Real time tweets streaming with Kafka and Logstash

Yudhishthir Singh
Analytics Vidhya
Published in
7 min readDec 2, 2020

I will first explain both in brief and then will show a simple example where I am streaming tweets in real time using Kafka into ElasticSearch using Logstash.

Kafka

I recently started working with Apache Kafka and I can’t get enough of it, It’s a wonderful tool when you want to stream events in real time or have an application that has different components that emit and consume data from one another. Let me explain both these in a little detail.

  1. Why is data streaming important?
    In today’s day and age where huge amounts of data flow everyday, you need technologies to store, read, analyse and stream your data. Data streaming involves the processing of vast amount of real-time data from several sources. Some example are IOT devices emitting data, within mobile or web applications (when you want to analyse user interactions within your app, every tap is an event), information about financial markets etc, you get the idea.
  2. How can an app have different components emitting and consuming data?
    Take this example, you have a mobile app that stores its data in a database and you use that data to show on the app. Sounds pretty simple, one source and one destination. But this does not stay as it is once your app starts to grow, different requirements come in about how and which type of data is to be stored where. Like you would want to have a different source of data for user activity, different one for the data that you actually show on the app, different one that holds your sales data and so on. This list can grow very gradually. When you have many source and target systems, you need to have many connections among those systems which is very hard to manage.

Apache Kafka solves both these problems, In Kafka you can have any data stream that you can think about. It can be your app data, transactions, user interactions etc. Once your data is in Kafka, you can fetch it in any system that you want. Kafka acts as a universal data pipeline across multiple application and services, we have all the data from different systems residing at a single place, making Kafka a true source of data.

Working of Kafka

Kafka works on the publish-subscribe pattern. What it means is that it allows some part of your application to publish data under certain category called topics and other parts can fetch the data just by using the topic name.
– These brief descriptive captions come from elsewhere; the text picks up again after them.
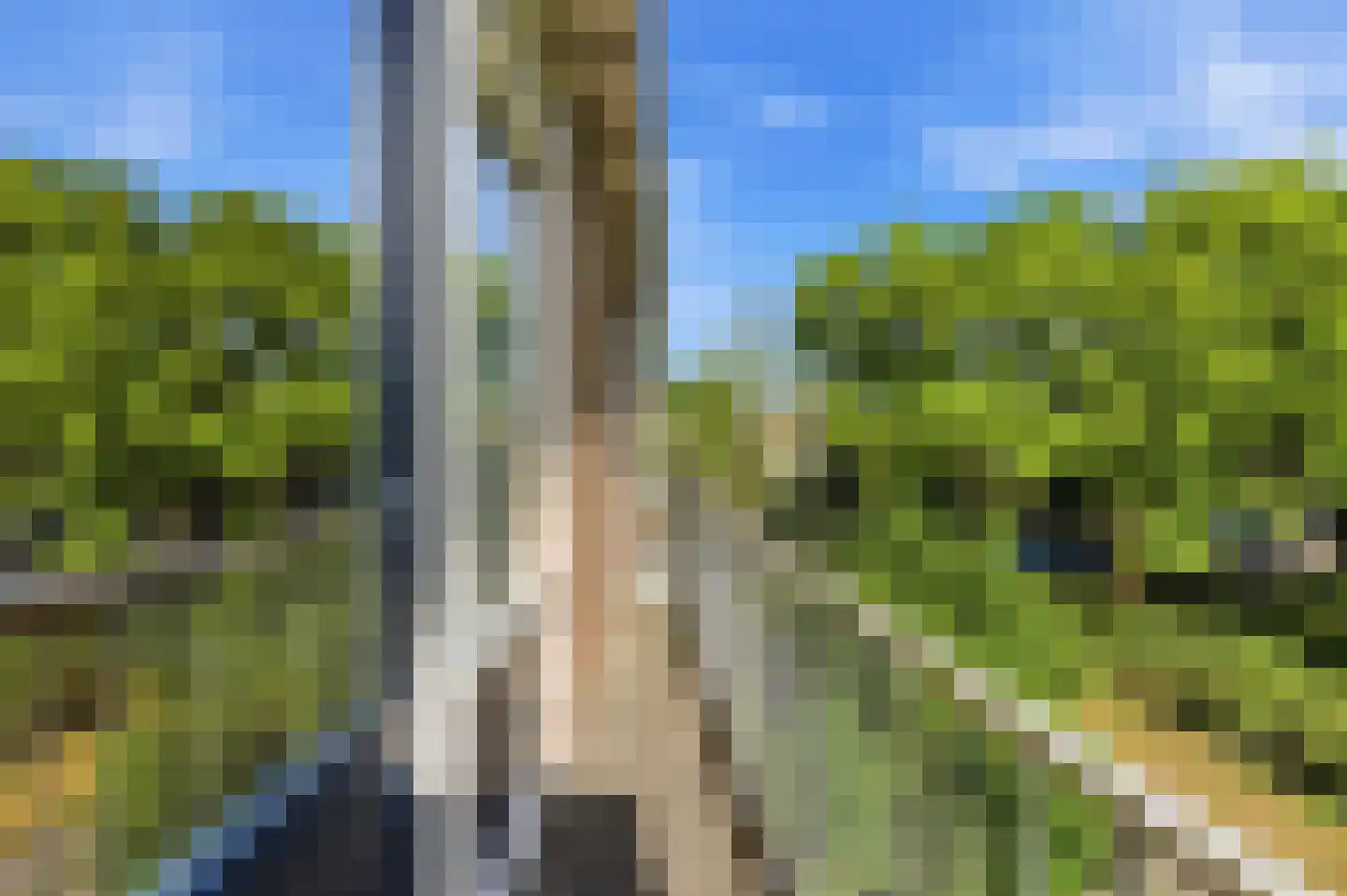 Spinbolplein 5 Rotterdam thumbnail 22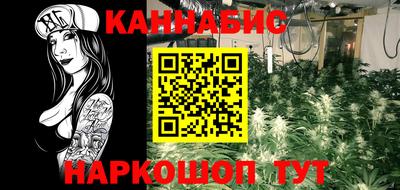 ешки Гай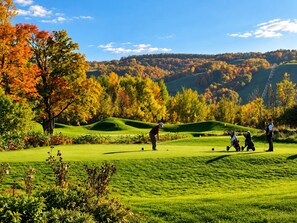 Un parcours de golf avec des collines douces et, en arrière-plan, le feuillage automnal.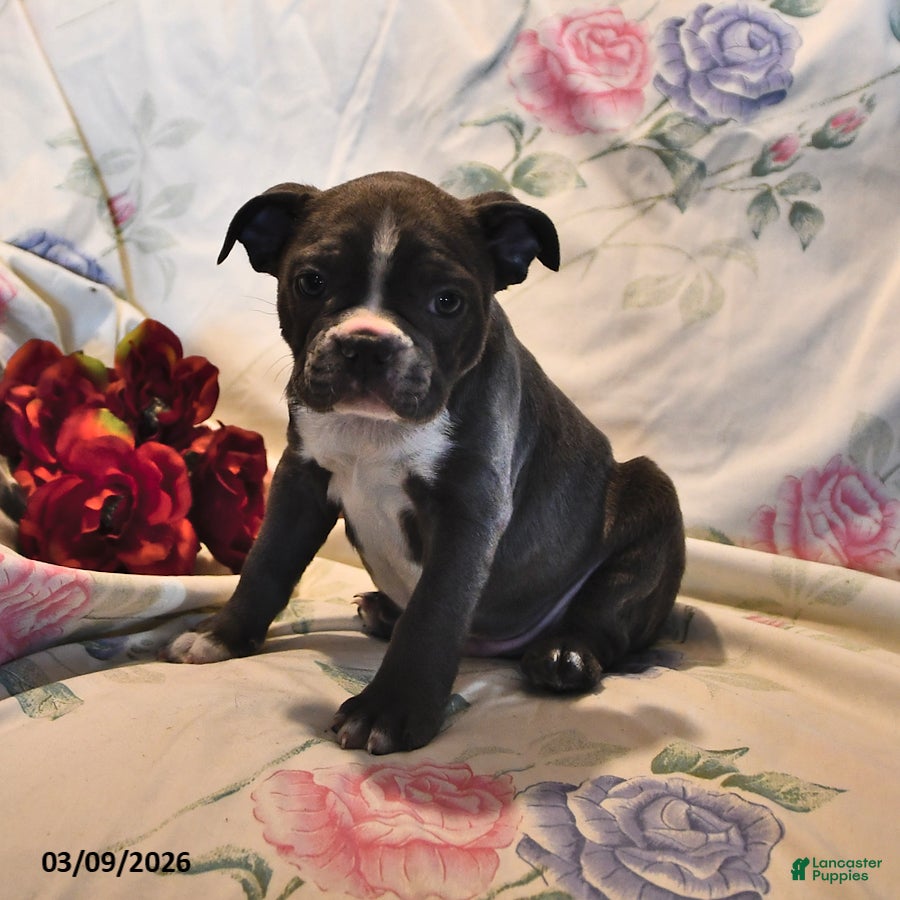 Frenchton dogs Gunner - Ad 2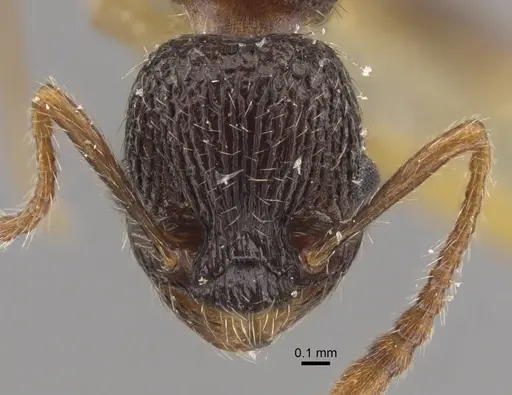 Myrmica zojae specimen CASENT0917516 image casent0917516_3
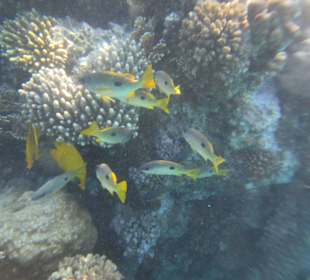 Wunderschönes Hausriff 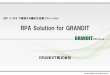 RPA Solution for GRANDIT · Web配信 帳票配信サービス ... PCにロックをかけなければロボットは稼働しますが、顧客マスターや人事情報等の『セキュリティが求め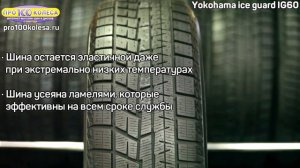 Yokohama Ice Guard IG60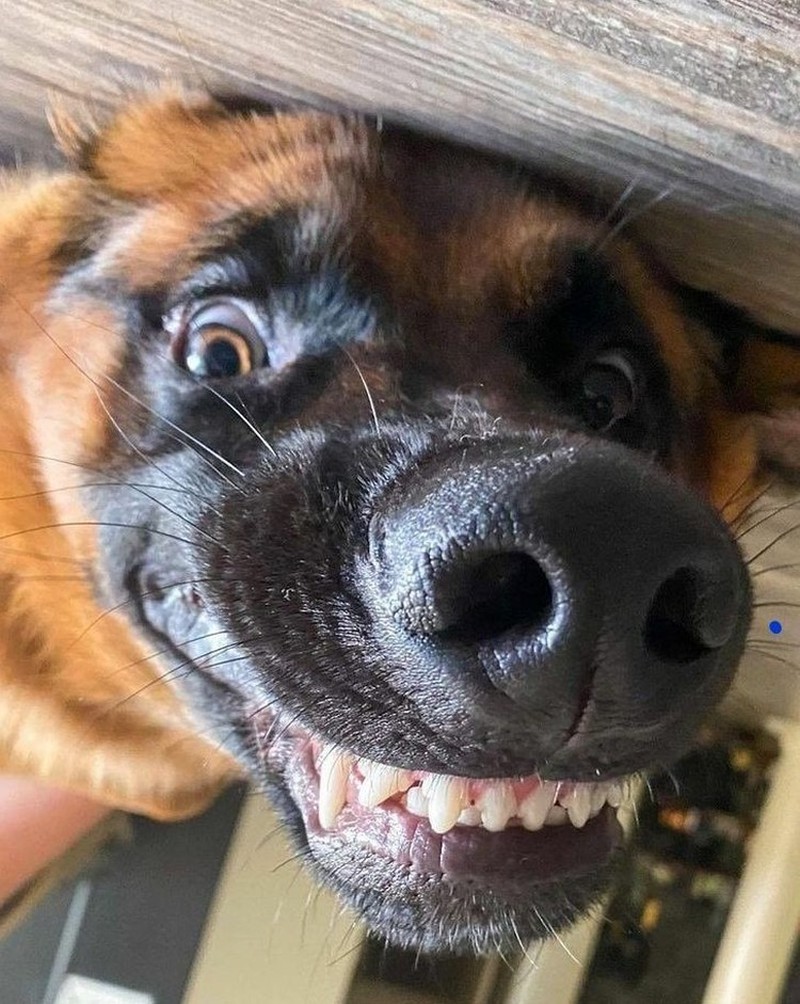 Gemas! Potret Tatapan Romantis Hewan ke Pemiliknya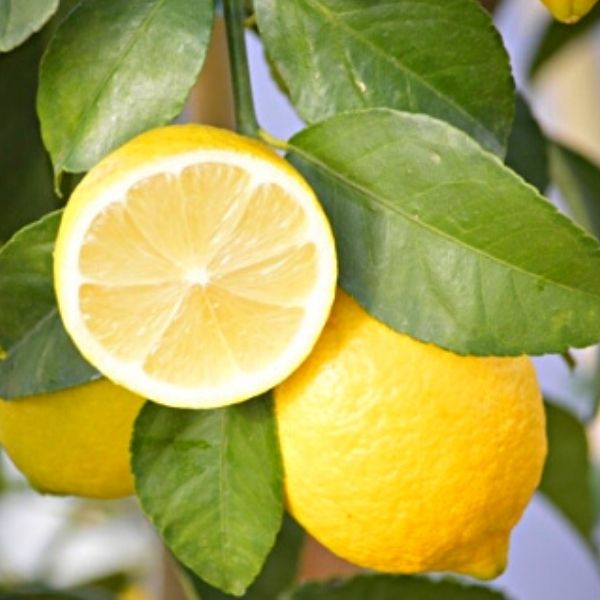 Eureka Lemon Tree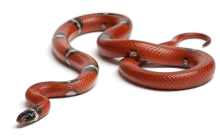 Red snake with brown spots.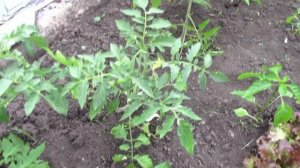 Помидоры  ДВА КОРНЯ, один стебель  Облакировка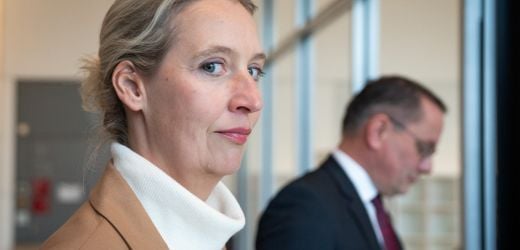 AfD: Putin treibt einen Keil zwischen Alice Weidel und Tino Chrupalla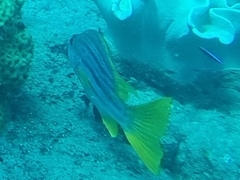 Lutjanus carponotatus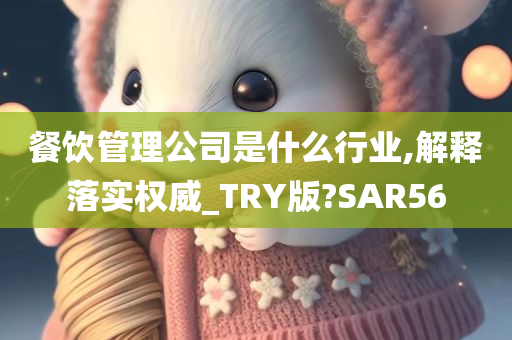 餐饮管理公司是什么行业,解释落实权威_TRY版?SAR56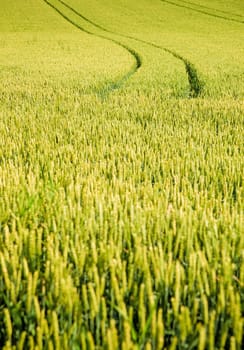 Tire track in a cornfield, taken in upper austria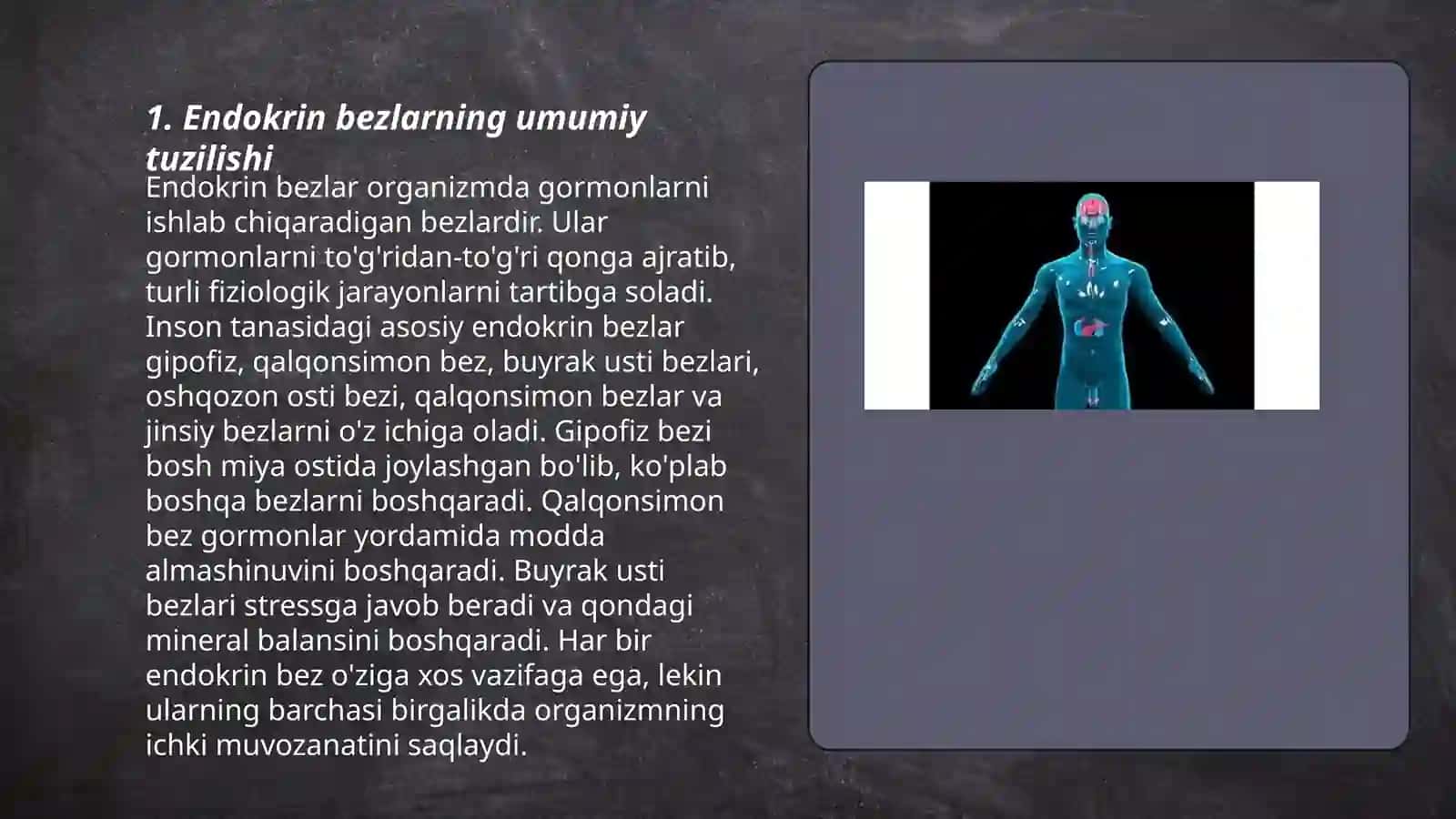 Endokrin bezlarning makro va mikro tuzilishi 3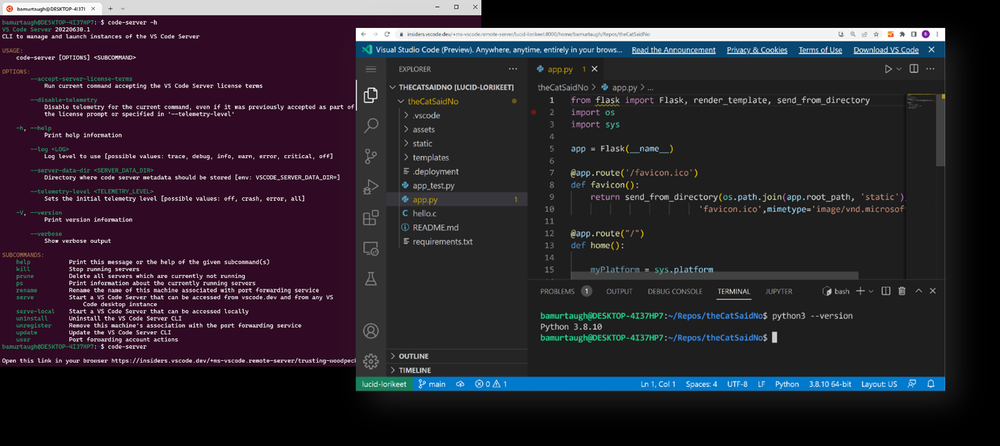 Visual Studio Code Server | DWX Developer World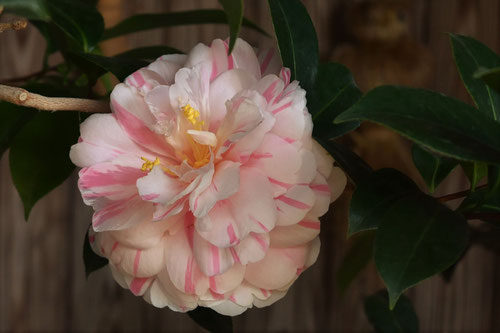 ジョイケンドターフ　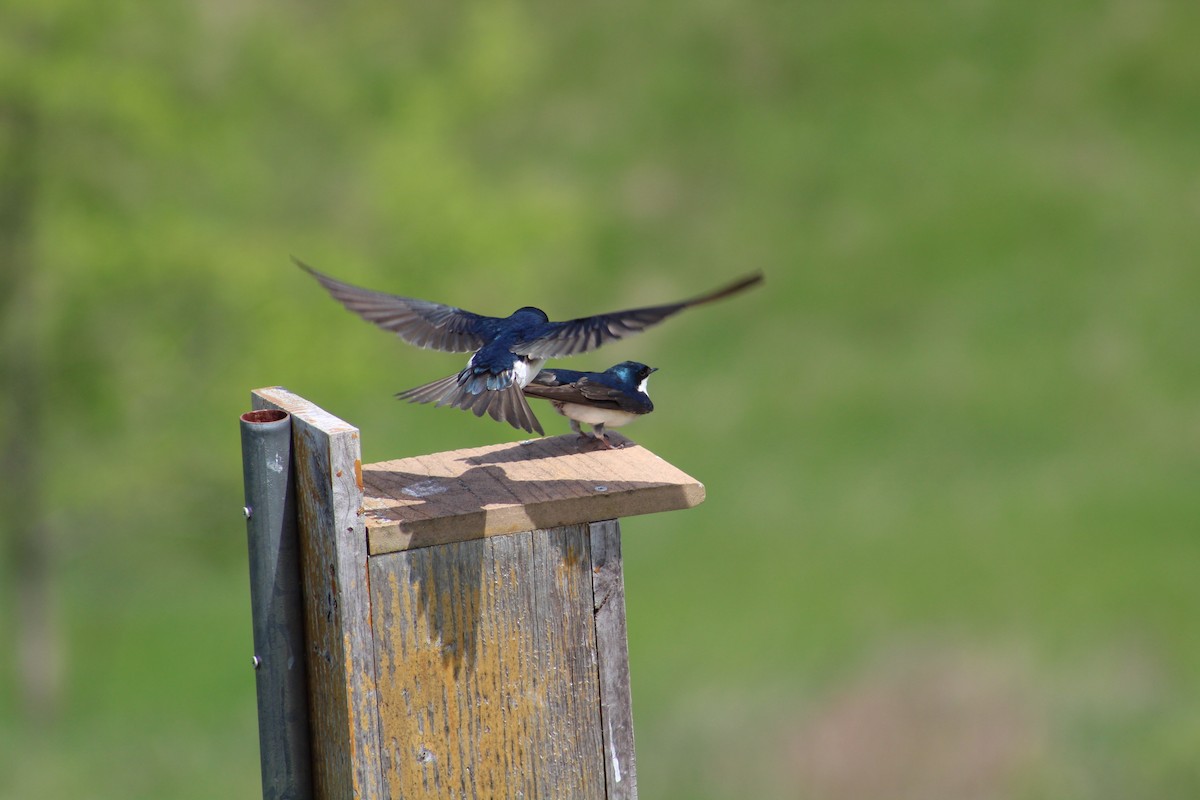 Tree Swallow - ML570835511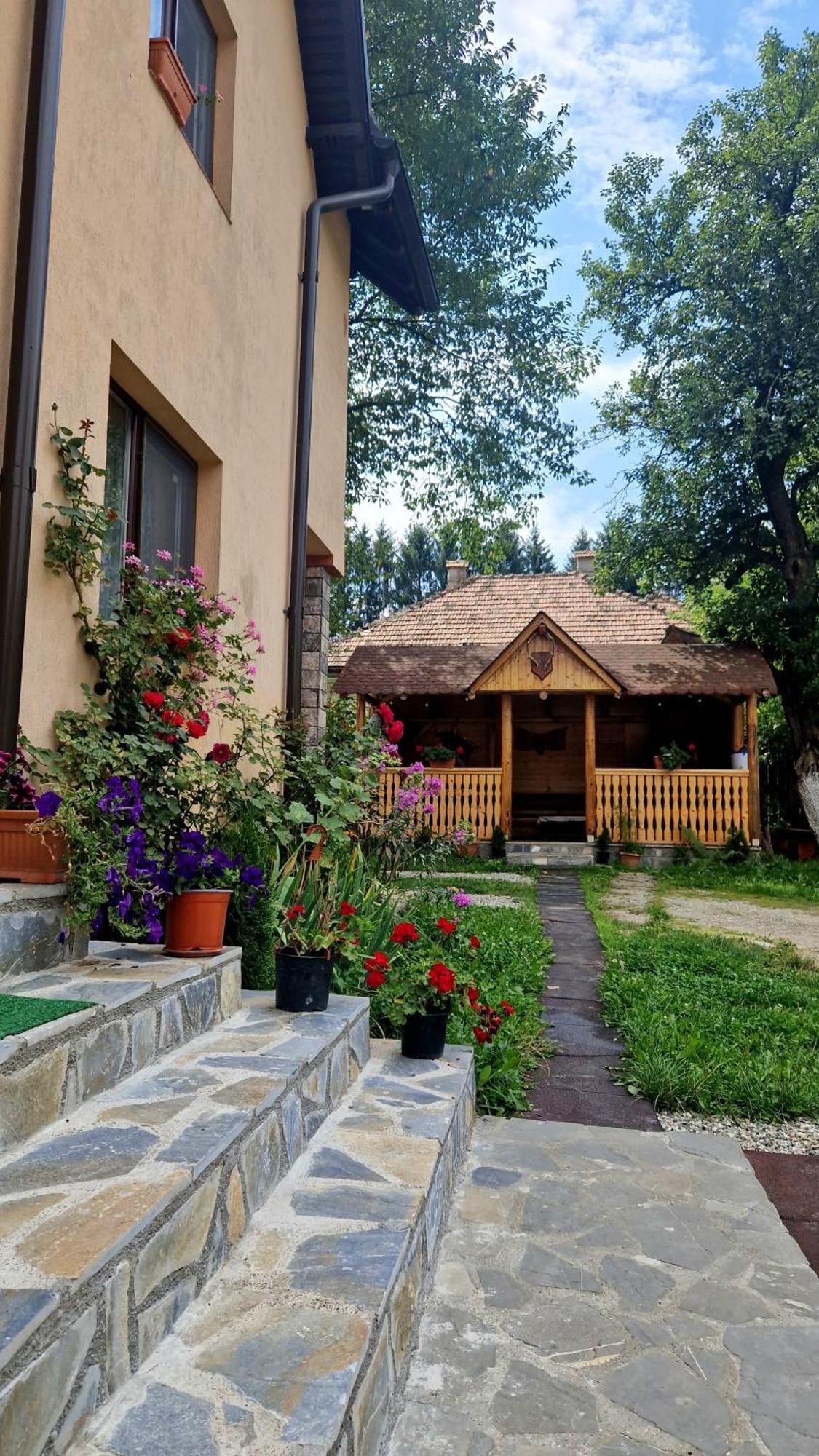 Casa Dorina Bran (Brasov) Exterior foto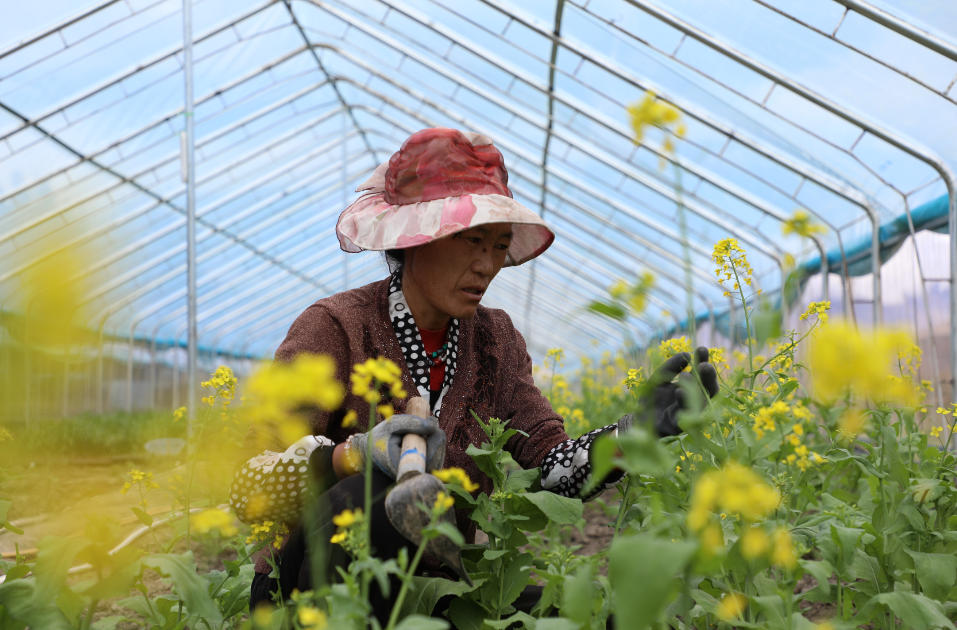 
江苏省中西医结合医院黄牛代挂号电话票贩子号贩子网上预约挂号,住院检查加快,辉煌60年·我们的家园｜高原“旅客”上太空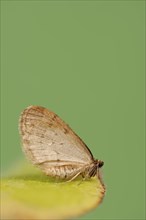 Winter moth (Operophtera brumata), male, North Rhine-Westphalia, Germany, Europe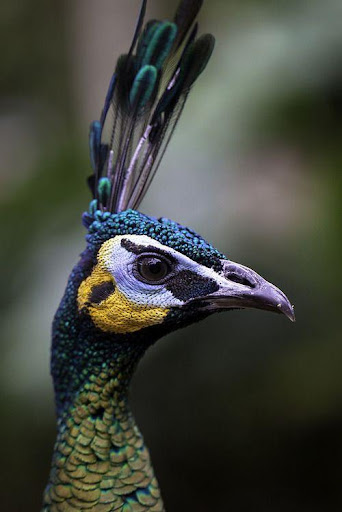 Android application Peacock Sounds screenshort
The part of your app that is publishing is called a producer and the other one, which is consuming the data is called consumer. Kafka offers Producer API and a Consumer API for these tasks.

Logstash

Logstash is a light-weight, server-side data processing pipeline that can simultaneously ingest data from a wide variety of sources, then parse, filter, transform it and finally forward it to downstream system. This downstream system is usually ElasticSearch (These two, along with Kibana are famously known as the ELK stack), although it doesn’t always have to be ElasticSearch.

There are plenty of input plugins available for logstash that you can use to ingest data from a variety of sources, kafka being one of them.

Hands on example — Live tweets streaming

This little project takes data from twitter using the tweepy package and then uploads data to Kafka. Then kafka acts as the input system for Logstash which directly puts data into ElasticSearch, then finally uses Kibana to visualise the data.

Lets start with installation and setting thing up:

  1. Kafka

Head to this link, https://kafka.apache.org/downloads and download the binary file.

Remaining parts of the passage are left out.